Data extract Start Marker

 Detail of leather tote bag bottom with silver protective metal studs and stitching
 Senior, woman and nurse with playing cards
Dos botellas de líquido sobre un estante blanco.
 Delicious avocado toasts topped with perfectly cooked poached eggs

Data extract End Marker
Data extract Start Marker

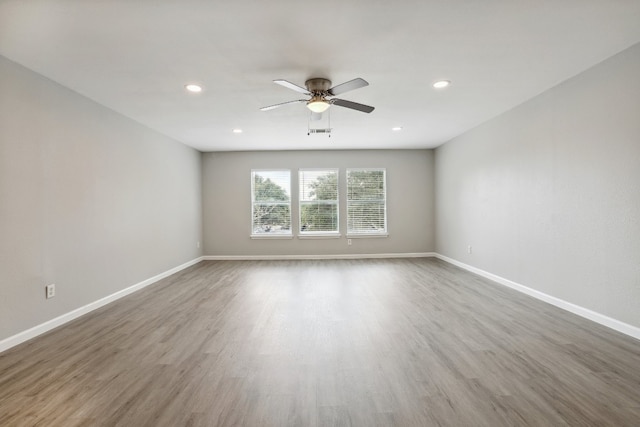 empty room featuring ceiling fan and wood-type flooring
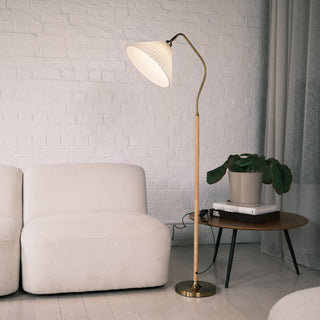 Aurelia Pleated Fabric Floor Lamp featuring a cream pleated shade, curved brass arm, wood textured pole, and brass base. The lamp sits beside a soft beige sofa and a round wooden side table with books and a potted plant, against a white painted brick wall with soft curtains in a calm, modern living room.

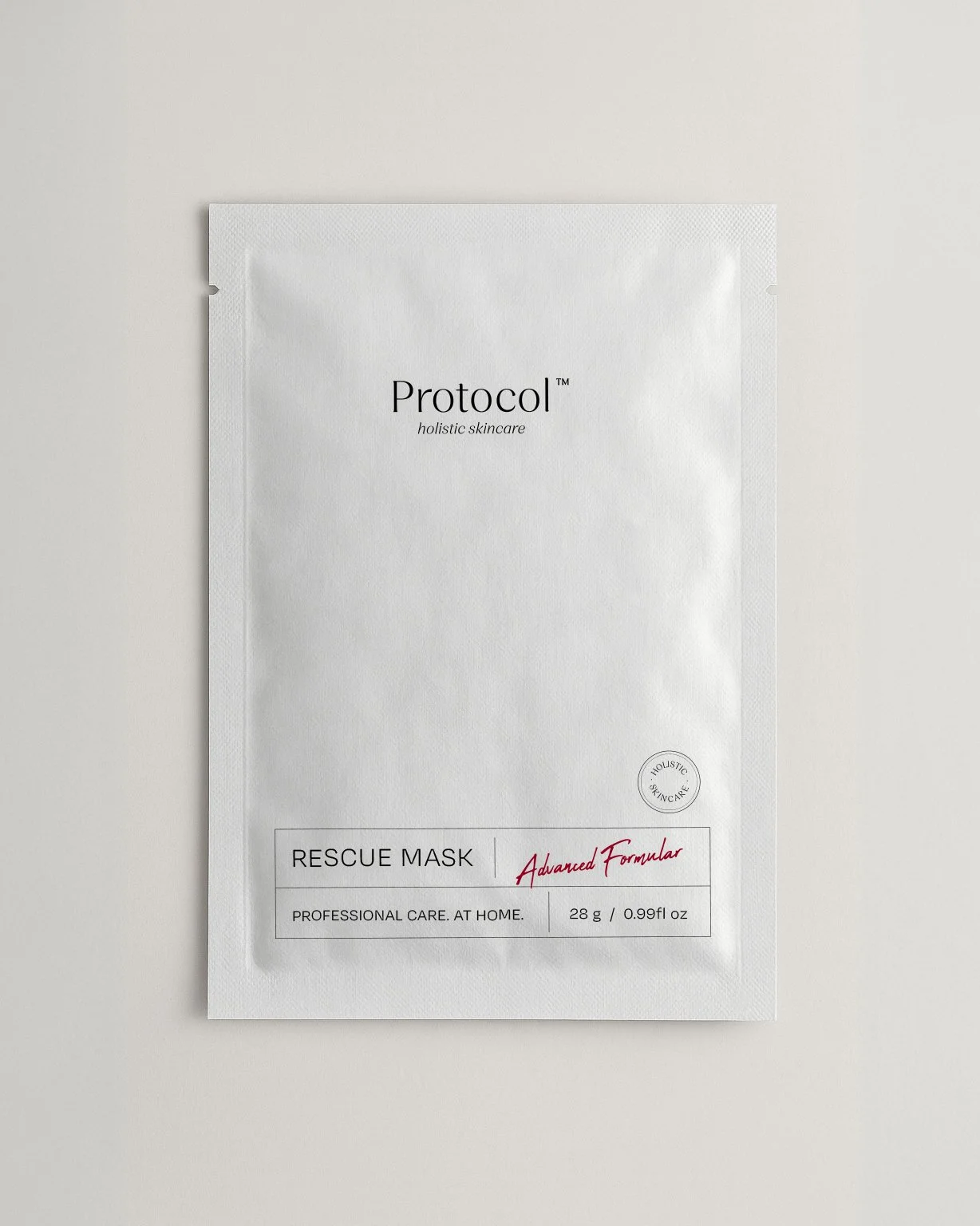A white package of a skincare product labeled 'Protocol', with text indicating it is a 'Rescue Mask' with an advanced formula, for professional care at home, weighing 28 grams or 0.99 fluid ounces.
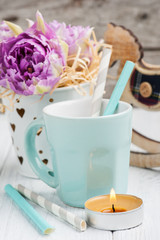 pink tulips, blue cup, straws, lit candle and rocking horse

Data extract End Marker

#### [What to work on]
Print nothing except the lines above from the one containing "Aurelia Pleated Fabric" down to the one containing "A white package", both included, exactly as written and free of pictures.

#### [Exercise answer]
 Aurelia Pleated Fabric Floor Lamp featuring a cream pleated shade, curved brass arm, wood textured pole, and brass base. The lamp sits beside a soft beige sofa and a round wooden side table with books and a potted plant, against a white painted brick wall with soft curtains in a calm, modern living room.

A white package of a skincare product labeled 'Protocol', with text indicating it is a 'Rescue Mask' with an advanced formula, for professional care at home, weighing 28 grams or 0.99 fluid ounces.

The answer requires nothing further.